The above link will take you to a 2009 discussion paper
prepared in regard to Clover Farms. The document offers some insight in to the
concepts the writer intends to deploy. The document is somewhat dated and
requires review; however, the operational aspects of the document offer a
function perspective on the property.
The dairy and related manufacturing components have been challenged
by regulatory obstruction. In Canada at large, and specifically in British
Columbia, there is a Supply Management Marketing System in place. The administrators
of that system seem to hold a bias against efficient, at scale, integrated
operations; there seems rather to be an interest in subsidizing inefficiency by
constraining innovation, processing and production integration, and the natural
consolidation that would occur due to advancements in technology.
I spent a large portion of a year working toward regulatory
approval by attempting to negotiate firstly the provincial regulatory system
and secondly the federal parallel regulatory system. There is an organization called
the Farm Industry Review Board which oversees the Supply Managed industries, it
offers mediation and adjudication of disputes with the various “Marketing Boards”.
They employ a quasi – legal process
headed by a tribunal to review disputes; my attempts to gain support from
regulators ended in October 2011 when the FIRB ruled against me at appeal.
At the link above, there is another enterprise proposal called
West Fraser Agro, it was under that name that the interface with regulators took
place, my documents are there; you can review them to see my thought process in
the context of the regulatory regime and the regulator’s; you may judge where
reason lies.
A critique of the system would consume much print, it suffice
to say, almost all other products find their way to market absent any market intervention
with prosperity as the result. One might also point out that the average farm
size in British Columbia is under 200 head, there is a mass of literature to
support operations 10 times that size, or greater, as offering greater efficiency.

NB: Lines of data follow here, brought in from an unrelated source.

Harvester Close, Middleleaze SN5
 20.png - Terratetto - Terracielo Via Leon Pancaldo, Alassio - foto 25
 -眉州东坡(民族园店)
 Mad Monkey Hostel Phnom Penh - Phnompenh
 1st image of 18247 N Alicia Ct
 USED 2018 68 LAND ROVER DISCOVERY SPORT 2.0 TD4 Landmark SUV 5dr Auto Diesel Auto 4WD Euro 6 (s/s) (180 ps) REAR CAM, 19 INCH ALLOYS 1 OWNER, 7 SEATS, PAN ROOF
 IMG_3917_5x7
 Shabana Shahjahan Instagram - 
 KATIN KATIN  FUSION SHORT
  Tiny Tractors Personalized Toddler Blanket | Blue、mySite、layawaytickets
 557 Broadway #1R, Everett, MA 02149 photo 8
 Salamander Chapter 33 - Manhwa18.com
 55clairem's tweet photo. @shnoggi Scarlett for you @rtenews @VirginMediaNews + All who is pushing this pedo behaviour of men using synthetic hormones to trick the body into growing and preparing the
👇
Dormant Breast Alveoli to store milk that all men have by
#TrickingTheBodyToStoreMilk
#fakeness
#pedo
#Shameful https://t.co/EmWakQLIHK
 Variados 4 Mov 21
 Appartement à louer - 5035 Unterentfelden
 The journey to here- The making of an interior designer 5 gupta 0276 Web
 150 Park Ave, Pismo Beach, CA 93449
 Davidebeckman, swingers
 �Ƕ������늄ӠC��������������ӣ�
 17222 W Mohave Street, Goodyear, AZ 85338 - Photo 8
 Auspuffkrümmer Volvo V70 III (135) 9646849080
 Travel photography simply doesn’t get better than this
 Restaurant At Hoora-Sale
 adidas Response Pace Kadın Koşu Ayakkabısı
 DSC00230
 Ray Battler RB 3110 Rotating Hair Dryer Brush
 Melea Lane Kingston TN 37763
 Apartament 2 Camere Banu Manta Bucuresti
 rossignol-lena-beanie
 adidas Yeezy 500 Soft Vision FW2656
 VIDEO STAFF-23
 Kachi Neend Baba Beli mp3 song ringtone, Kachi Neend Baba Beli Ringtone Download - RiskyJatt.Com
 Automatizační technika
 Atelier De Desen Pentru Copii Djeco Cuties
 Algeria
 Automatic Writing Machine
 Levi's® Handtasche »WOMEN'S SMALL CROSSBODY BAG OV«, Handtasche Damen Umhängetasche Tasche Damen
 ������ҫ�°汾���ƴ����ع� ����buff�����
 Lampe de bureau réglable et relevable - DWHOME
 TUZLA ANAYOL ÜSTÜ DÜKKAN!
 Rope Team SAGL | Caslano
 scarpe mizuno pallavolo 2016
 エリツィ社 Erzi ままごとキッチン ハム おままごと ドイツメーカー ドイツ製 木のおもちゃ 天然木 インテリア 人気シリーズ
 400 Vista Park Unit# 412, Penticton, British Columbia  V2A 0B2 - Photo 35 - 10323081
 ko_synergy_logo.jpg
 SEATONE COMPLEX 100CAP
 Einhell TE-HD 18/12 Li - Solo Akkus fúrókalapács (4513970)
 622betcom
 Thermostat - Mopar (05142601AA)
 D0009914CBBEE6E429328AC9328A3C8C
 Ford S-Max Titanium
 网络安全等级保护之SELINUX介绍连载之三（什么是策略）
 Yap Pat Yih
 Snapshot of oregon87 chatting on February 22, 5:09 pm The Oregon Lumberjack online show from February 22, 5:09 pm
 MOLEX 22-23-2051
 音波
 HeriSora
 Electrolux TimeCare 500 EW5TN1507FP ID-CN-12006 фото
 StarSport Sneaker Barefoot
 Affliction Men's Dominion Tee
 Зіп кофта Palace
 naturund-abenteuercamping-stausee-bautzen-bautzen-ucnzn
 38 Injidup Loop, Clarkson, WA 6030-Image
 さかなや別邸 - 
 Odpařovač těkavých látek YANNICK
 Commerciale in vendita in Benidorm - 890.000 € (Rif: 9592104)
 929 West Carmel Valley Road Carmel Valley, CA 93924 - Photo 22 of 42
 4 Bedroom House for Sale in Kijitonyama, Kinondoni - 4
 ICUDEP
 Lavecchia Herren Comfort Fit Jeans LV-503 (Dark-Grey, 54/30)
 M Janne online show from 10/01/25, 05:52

I submit the large farm size permits the optimization of operations so that
they are in better harmony with natural systems – a point hotly contested by
many of course, many that never let the facts get in the way of having the
wrong opinion. Another point worthy of contemplation, is that Skim Milk Power
on the world market is always a 1/3 or more less in price than the same product
in the Canadian Market. While I understand the farmers need to secure profit, I
am unsure they are really better off as individuals and the industry as a whole
is certainly less well-off under this scheme. The license to produce milk often
comprises 1/3 or more of farms net worth, an accumulated value of some 15
billion nationwide, that is a large amount of latent capital. I will try and
contain my ire here, however, the perverse rationale offered for the refusal to
permit my having regulatory support, was that an integrated operation would have
an advantage over incumbent processors because it would be absent
transportation costs; so the people of British Columbia should know that the
government of British Columbia is making them pay more for milk so that the
regulatory system forces a larger carbon foot print on the industry; if this
weren’t so tragic it would be laughable.
Given the events I encountered in accessing regulatory
support. the dairy component is held in abeyance until such time as circumstances
change. The other companion enterprises proposed
will find synergy with a large beef component or some other cropping regime.